**THE TASK**
Would you find each line in the entries below with the string "Christmas" and copy it?
─── INPUT FOR THIS TASK ───
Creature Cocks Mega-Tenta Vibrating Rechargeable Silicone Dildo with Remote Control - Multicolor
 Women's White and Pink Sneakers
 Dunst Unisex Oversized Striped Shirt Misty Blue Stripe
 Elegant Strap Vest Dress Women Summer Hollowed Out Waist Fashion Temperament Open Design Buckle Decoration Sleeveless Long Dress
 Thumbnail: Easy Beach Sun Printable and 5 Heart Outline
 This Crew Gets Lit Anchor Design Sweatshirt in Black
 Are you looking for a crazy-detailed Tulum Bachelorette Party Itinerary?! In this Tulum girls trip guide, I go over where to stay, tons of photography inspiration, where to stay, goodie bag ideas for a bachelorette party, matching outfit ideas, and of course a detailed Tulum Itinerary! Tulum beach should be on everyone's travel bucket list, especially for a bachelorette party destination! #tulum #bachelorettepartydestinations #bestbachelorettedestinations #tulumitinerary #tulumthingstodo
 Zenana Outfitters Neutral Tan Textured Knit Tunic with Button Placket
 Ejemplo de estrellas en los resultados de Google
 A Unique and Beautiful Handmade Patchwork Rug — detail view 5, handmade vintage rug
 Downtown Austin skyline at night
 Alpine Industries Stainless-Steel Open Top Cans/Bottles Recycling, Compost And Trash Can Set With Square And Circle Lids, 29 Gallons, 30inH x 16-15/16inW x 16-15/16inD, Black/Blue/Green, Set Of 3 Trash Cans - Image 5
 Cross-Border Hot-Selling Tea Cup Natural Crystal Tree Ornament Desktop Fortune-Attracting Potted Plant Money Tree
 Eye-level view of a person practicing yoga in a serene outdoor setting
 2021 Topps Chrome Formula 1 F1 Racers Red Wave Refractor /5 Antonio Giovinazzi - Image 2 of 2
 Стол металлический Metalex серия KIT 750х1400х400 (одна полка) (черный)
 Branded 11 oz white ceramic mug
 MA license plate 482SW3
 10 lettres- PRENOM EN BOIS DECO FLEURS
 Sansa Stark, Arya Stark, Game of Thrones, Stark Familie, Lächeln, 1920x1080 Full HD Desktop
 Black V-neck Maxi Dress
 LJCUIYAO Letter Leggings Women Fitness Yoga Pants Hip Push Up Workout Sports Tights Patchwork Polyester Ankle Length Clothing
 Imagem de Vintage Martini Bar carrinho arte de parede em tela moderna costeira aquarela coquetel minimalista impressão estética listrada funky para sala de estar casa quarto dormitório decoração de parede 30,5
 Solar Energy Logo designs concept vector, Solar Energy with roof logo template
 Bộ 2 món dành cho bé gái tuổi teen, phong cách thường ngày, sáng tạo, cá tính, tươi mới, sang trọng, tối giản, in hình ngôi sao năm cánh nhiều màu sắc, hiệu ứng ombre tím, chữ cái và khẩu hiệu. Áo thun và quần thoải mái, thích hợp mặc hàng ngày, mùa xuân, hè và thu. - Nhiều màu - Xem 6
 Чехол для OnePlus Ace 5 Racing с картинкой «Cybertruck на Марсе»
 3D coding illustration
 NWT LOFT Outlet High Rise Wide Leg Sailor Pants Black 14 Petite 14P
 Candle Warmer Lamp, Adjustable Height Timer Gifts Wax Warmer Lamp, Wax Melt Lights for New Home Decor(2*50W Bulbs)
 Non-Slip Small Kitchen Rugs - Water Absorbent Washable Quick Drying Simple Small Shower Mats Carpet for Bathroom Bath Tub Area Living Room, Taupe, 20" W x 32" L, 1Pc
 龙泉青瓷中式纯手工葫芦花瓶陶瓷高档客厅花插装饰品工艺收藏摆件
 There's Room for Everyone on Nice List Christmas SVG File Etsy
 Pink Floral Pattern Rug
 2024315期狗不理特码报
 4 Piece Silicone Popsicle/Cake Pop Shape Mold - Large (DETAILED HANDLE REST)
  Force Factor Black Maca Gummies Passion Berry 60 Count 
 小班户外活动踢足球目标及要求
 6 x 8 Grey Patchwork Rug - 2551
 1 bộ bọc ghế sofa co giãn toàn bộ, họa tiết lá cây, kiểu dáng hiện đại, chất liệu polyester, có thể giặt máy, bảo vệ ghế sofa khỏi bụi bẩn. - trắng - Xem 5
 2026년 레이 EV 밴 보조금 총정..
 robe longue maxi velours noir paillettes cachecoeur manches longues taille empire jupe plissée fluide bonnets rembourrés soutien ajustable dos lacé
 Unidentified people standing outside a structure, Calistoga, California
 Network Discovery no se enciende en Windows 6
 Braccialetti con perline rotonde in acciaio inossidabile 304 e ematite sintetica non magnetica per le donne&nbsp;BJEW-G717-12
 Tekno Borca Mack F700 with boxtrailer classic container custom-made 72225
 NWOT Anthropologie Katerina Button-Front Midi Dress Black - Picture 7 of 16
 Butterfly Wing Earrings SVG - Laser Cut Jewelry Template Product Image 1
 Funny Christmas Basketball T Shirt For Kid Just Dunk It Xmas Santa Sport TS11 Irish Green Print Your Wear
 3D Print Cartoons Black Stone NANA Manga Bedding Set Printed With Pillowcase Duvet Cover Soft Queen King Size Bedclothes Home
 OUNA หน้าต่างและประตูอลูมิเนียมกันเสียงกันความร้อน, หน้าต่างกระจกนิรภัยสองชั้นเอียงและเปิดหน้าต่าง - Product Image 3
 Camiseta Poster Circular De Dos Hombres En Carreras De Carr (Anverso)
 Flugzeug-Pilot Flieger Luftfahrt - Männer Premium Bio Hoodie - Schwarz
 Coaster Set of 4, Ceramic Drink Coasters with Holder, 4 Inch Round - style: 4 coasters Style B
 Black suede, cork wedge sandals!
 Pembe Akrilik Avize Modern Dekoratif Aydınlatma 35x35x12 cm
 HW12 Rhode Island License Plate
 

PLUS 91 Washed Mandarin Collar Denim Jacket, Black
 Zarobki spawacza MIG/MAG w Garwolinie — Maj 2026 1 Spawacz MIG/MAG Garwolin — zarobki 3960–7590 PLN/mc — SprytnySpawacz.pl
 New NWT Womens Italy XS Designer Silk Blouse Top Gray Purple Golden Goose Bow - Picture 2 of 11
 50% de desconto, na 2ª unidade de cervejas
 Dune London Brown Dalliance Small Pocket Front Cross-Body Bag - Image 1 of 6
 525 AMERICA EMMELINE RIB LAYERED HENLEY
───
**THE COMPLETED TASK**
 There's Room for Everyone on Nice List Christmas SVG File Etsy
 Funny Christmas Basketball T Shirt For Kid Just Dunk It Xmas Santa Sport TS11 Irish Green Print Your Wear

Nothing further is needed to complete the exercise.